Following relentless cyber-attacks in recent years, which have become daily mainstream media headlines and warnings from security agencies such as the UK’s National Cyber Security Centre (NCSC), company directors and board members realize that the question they need to ask themselves is not ‘if’ but ‘when’ a bad actor will compromise their organization. 

Cybercriminals are highly proficient and operate full-time, often in organized teams of contract players that bring together diverse, complementary skill sets.
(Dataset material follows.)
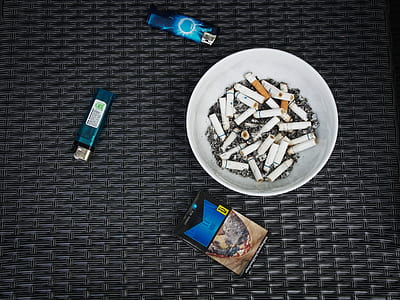 blue and black flip-top cigarette box besides ceramic ashray thumbnail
Cybercrime is a well-run enterprise; the World Economic Forum states “that the damages incurred by all forms of cybercrime, including the cost of recovery and remediation, totaled $3 trillion in 2015, $6 trillion in 2021, and could reach $10.5 trillion annually by 2025.” If cybercrime were a country, it would have the third-largest economy after the US and China. 

Heavy Is the Head That Wears the Crown

CISOs certainly have enormous responsibilities and can’t guarantee the organization’s protection on their own. Not even the best IT teams are capable of protecting organizations. Their workload is heavy enough, and they can’t be expected to have staff with the proper training or know-how to protect tech and manage it. 

How can the board support a CISO to strengthen organization-wide resilience? And how can a CISO lean on the board without worrying about job security whenever a board member reads about another ransomware attack? Ideally, someone on the board — or someone who advises the board — is needed to understand the current threats, manage them, and square the financial and reputational costs of an attack with the investments made in cybersecurity. 

The first step to helping boards and CISOs work together on defense is to examine the language of cybersecurity. Technical teams, non-technical senior managers, and directors often speak different languages. CISOs requesting funds must explain the benefits of a risk-based security strategy; board members must understand these dangers and prioritize resources with other concerns such as skills shortages, supply chain issues, and investment in new technology. 

For CISOs and boards to work effectively together when dealing with cybercrime, there are five critical questions that the board can ask: 

1. How do they measure the maturity of the information and cybersecurity in the organization? It should align with the United States’ National Institute of Standards and Technology (NIST) or the UK’s NCSC Cyber Assessment Framework (CAF). And it’s best to focus on unifying language, not scoring themselves against each scale. 

2. Have they tried implementing controls for a while but need help justifying the budget? Then, relate this to the maturity assessment for the area affected by the lack of control. It might help to bring in a specialist external cybersecurity company to assess the organization’s security posture and maturity at this stage. 

3. Can they show statistics on cybersecurity incidents and cyber-attacks on the organization? All organizations are under a near-constant attack from automated tools, many from targeted or manual attacks. The CISO should be able to show how they are defending the organization and learning how to do it better and more efficiently. 

4. Would they benefit from a business-focused stakeholder? If yes, they could be assigned a business mentor from the board. A business mentor ensures that the CISO doesn’t merely try to defend the organization but enables it to thrive. 

5. Are they using the investment they’ve already made in products, services, and licenses wisely and to the maximum extent? Many organizations only use a fraction of these. 

In essence, a CISO, backed by the board, can significantly benefit an organization. They can provide a security roadmap, create a security culture and mindset, build security into new IT projects, ensure resources are best used, and, over time, reduce costs. Don’t let a language barrier become an entry point for bad actors to exploit.